Pink and Kelly Clarkson are both known for having powerhouse voices that can belt at incredible ranges but also soften for a sweet ballad. Put the two of them together, and…well, dang.

On Feb 6, Clarkson featured Pink on her daytime talk show, in which she often sings with musical guests. The two superstars sang several acoustic duets with pitch-perfect harmonies, prompting fans of both artists to clamor for a collaborative album.

One song they sang together was Pink’s “What About Us?” Pink previously described the song to The Sun in 2017: “The world in general is a really scary place full of beautiful people. Humans are resilient and there’s a lot of wonderful—like I said in the song—’billions of beautiful hearts’ and there are bad eggs in every group. And they make it really hard for the rest of us.”

In the intro to their duet, Clarkson asked Pink about the impetus behind her writing the song.

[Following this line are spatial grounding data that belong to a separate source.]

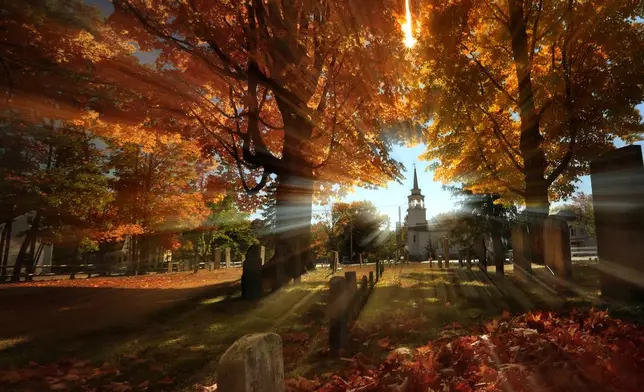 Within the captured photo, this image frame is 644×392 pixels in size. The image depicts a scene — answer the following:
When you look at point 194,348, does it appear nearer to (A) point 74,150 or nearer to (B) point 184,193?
(A) point 74,150

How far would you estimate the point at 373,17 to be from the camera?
938 cm

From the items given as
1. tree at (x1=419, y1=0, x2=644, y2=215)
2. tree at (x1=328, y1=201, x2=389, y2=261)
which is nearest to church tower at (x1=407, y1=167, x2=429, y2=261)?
tree at (x1=328, y1=201, x2=389, y2=261)

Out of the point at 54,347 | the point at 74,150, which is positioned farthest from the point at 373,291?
the point at 74,150

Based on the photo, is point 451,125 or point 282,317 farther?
point 451,125

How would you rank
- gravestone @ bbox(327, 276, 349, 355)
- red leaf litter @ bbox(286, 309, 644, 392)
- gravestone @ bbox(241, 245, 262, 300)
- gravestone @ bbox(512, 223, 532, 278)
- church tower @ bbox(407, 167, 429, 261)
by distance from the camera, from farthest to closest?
church tower @ bbox(407, 167, 429, 261) → gravestone @ bbox(512, 223, 532, 278) → gravestone @ bbox(241, 245, 262, 300) → gravestone @ bbox(327, 276, 349, 355) → red leaf litter @ bbox(286, 309, 644, 392)

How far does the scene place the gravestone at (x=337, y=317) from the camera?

“We’re not listening to each other right now. And it’s so loud, and so gross, and so angry and people are being forgotten,” Pink shared. “People are being counted out and their rights are being trampled on just because a group of people doesn’t believe in them.”

“Like, I don’t understand how so many people in this world are discounted because one group of people decided they don’t like that,” she continued. “And I won’t—I won’t have it. One of the most beautiful things that my dad taught me was that my voice matters and I can make a difference, and I will.”

The lyrics of the song seem to address the political leaders and decision-makers who hold people’s lives in their hands as they pull the levers of power. It’s a beautiful song with an important message wrapped up in gorgeous two-part harmony.